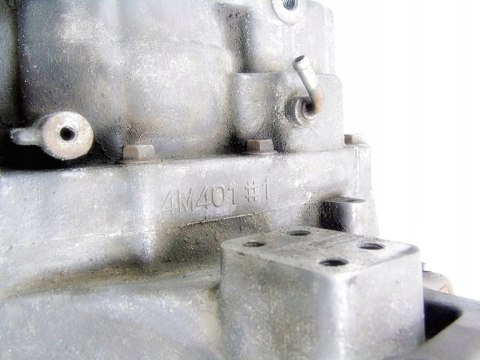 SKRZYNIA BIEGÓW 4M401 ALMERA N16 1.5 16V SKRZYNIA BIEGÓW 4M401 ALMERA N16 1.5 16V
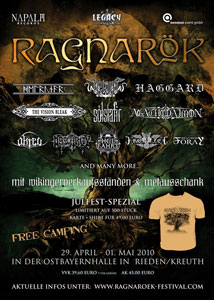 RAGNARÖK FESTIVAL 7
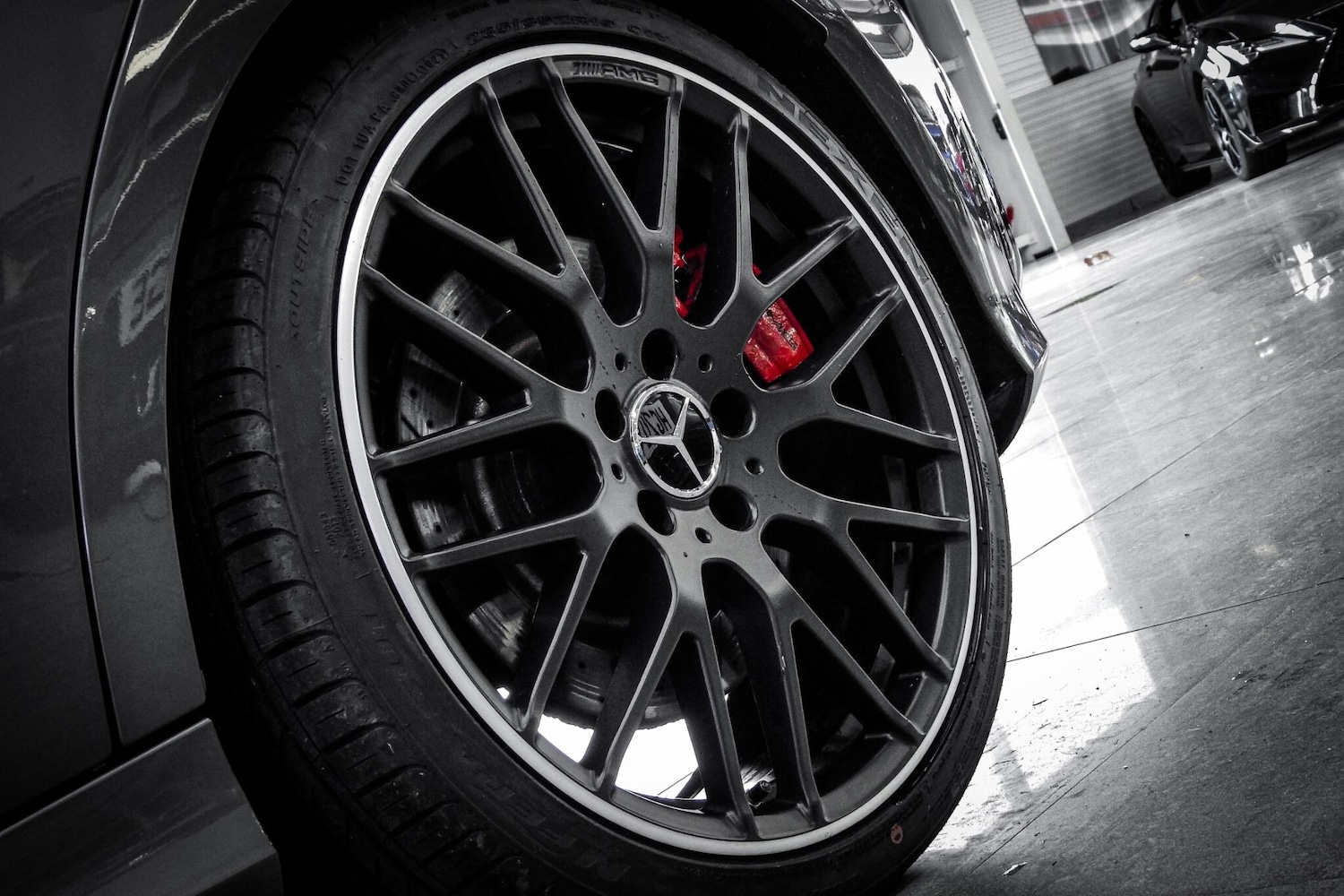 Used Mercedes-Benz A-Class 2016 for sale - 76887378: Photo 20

-=-=-=-=-

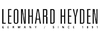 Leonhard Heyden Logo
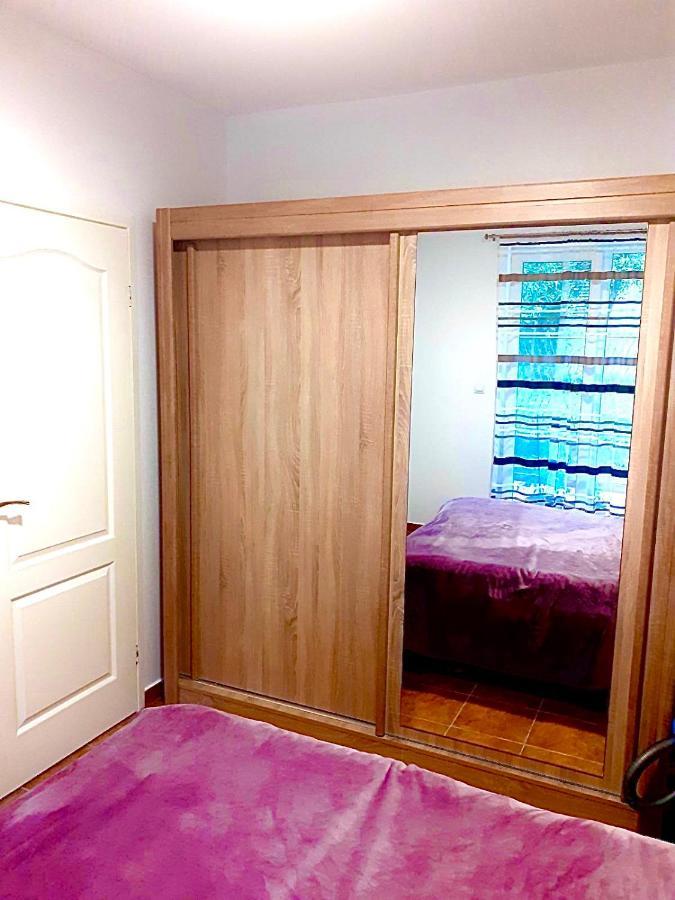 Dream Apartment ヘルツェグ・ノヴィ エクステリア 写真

-=-=-=-=-

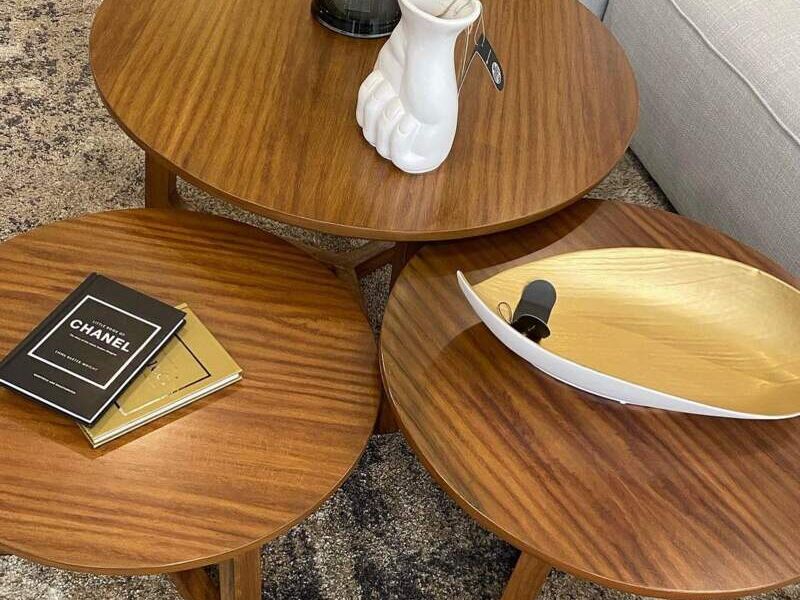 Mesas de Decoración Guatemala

-=-=-=-=-

What the task asks:
In the entries above, which lines run from the one with "SKRZYNIA BIEGÓW 4M401 ALMERA N16 1.5 16V SKRZYNIA" up to and including the one with "Used Mercedes-Benz A-Class"? Write them out exactly, without the pictures.

Expected answer:
 SKRZYNIA BIEGÓW 4M401 ALMERA N16 1.5 16V SKRZYNIA BIEGÓW 4M401 ALMERA N16 1.5 16V
 RAGNARÖK FESTIVAL 7
 Used Mercedes-Benz A-Class 2016 for sale - 76887378: Photo 20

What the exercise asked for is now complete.